From your last post, mine does the same jerk when i step on the gas pedal right away after let go of the brake, but after the car warmed up a bit from driving (~5-10mins), the jerkiness is usually gone. 

At first I thought my dsg was having issue, but now I start to adapt to it.


----------



## BMWERKEN135 (Jan 6, 2010)

Well they replaced the Mechatronics unit back in Jan and it is still doing the lurch. Albeit, not as bad as before but it is still acting up.

In addition, I am getting a knock on the front driver's side under cornering or going over steep inclines at an angle.

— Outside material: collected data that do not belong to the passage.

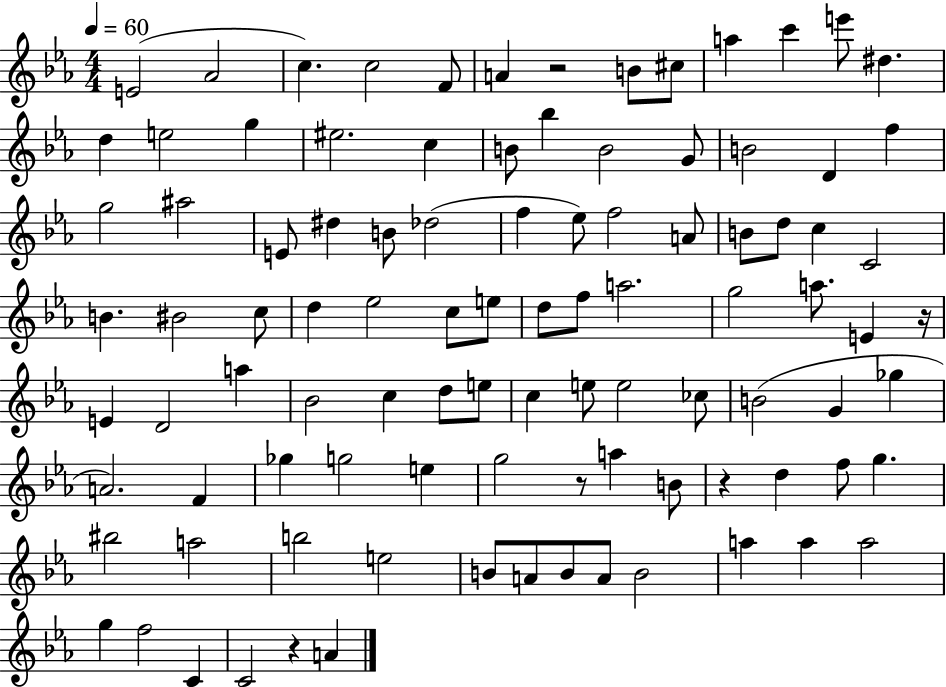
E4/h Ab4/h C5/q. C5/h F4/e A4/q R/h B4/e C#5/e A5/q C6/q E6/e D#5/q. D5/q E5/h G5/q EIS5/h. C5/q B4/e Bb5/q B4/h G4/e B4/h D4/q F5/q G5/h A#5/h E4/e D#5/q B4/e Db5/h F5/q Eb5/e F5/h A4/e B4/e D5/e C5/q C4/h B4/q. BIS4/h C5/e D5/q Eb5/h C5/e E5/e D5/e F5/e A5/h. G5/h A5/e. E4/q R/s E4/q D4/h A5/q Bb4/h C5/q D5/e E5/e C5/q E5/e E5/h CES5/e B4/h G4/q Gb5/q A4/h. F4/q Gb5/q G5/h E5/q G5/h R/e A5/q B4/e R/q D5/q F5/e G5/q. BIS5/h A5/h B5/h E5/h B4/e A4/e B4/e A4/e B4/h A5/q A5/q A5/h G5/q F5/h C4/q C4/h R/q A4/q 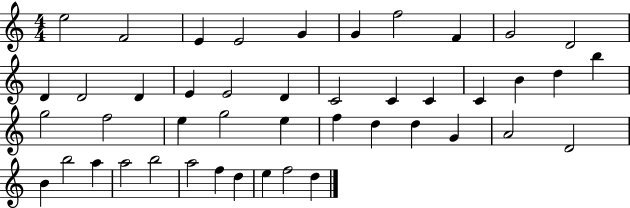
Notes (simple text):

E5/h F4/h E4/q E4/h G4/q G4/q F5/h F4/q G4/h D4/h D4/q D4/h D4/q E4/q E4/h D4/q C4/h C4/q C4/q C4/q B4/q D5/q B5/q G5/h F5/h E5/q G5/h E5/q F5/q D5/q D5/q G4/q A4/h D4/h B4/q B5/h A5/q A5/h B5/h A5/h F5/q D5/q E5/q F5/h D5/q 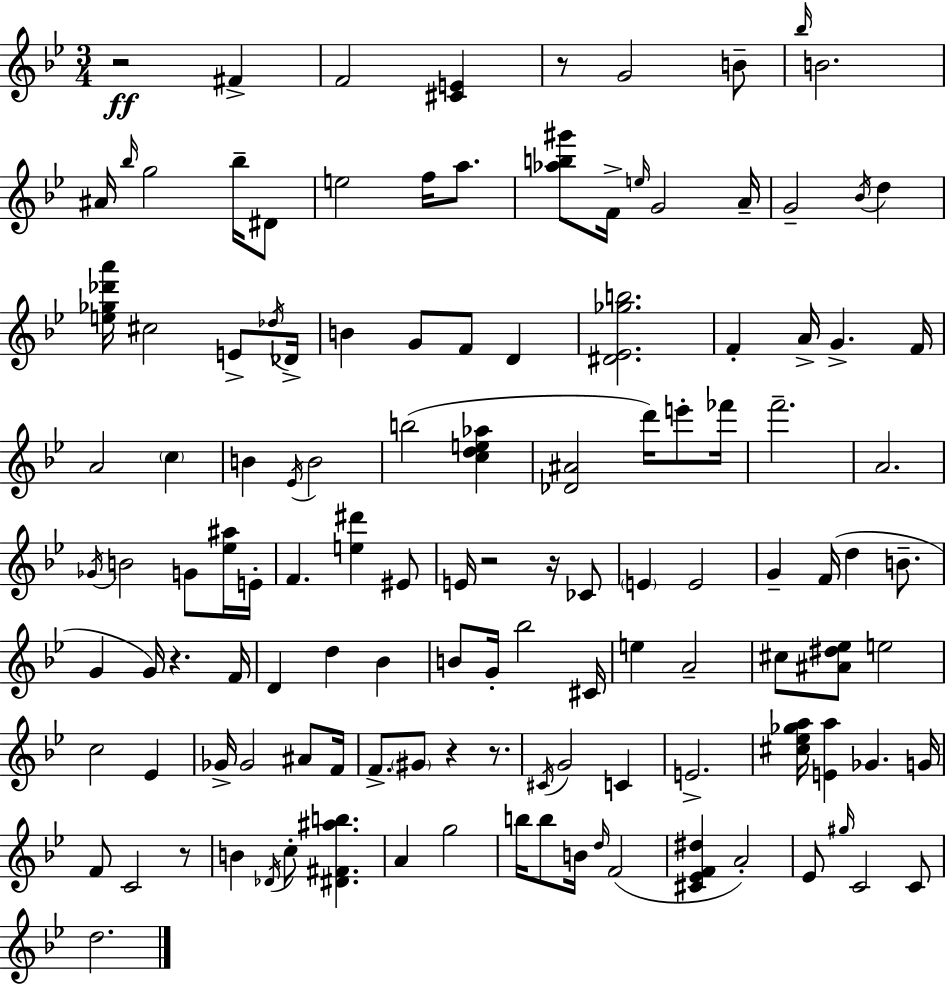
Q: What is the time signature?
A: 3/4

Seems to be the same issue here- http://www.arfc.org/complaints/2010/volkswagen/cc/10392535.aspx

Anyone have experience with this?


----------



## evan2010cc (Sep 22, 2010)

Yes my car is doing that as well, seen when turning right onto a incline such as a drive way. Have not taken it in for this yet, but plan on doing so.


----------



## Blackhawk878 (Oct 3, 2010)

*Anyone have a VAG-COM cable?*

To get their current DSG reading. Mine has a very harsh down-shift from 3-2 (among other quirks) so I checked the TCU software to see if was updated during the last trip to the dealer but the software is from December of 2009. Wondering if there are any updates out there to help with smoothing out the drive. 

Here is the readout from mine:

Wednesday,30,March,2011,10:07:37:58448
VCDS Version: Release 10.6.3 (x64)
Address 02: Auto Trans
Control Module Part Number: 
Component and/or Version: 
Software Coding: 
Work Shop Code: 
VCID: 55AA9E3F8587

Advanced Identification
Serial number: 00000912041358
Identification: TFK-030
Revision: 51112
Date: 04.12.09
Manufacturer number: 1358
Test stand number: 8501
Flash Status
Programming Attempts: 2
Successful Attempts: 2
Programming Status: 00000000
Required Conditions: 00000000
Flash Tool Code: 00000 000 05311
Flash Date: 00.14.00
Software
000N 
Misc.
Hardware number: 02E 927 770 AL
Lot Number: F10
Type Lock: 0003
VCDS Info:
Labels: 02E-300-0xx.lbl


----------



## BMWERKEN135 (Jan 6, 2010)

Update:

Brought the car in for 3 issues:

1) Car still lurches after 30-40 mins of driving when letting off brake.
2) Car clunks when coming to a stop and shifting 2-1.
3) Popping sound underneath driver's side floor board when going over inclines.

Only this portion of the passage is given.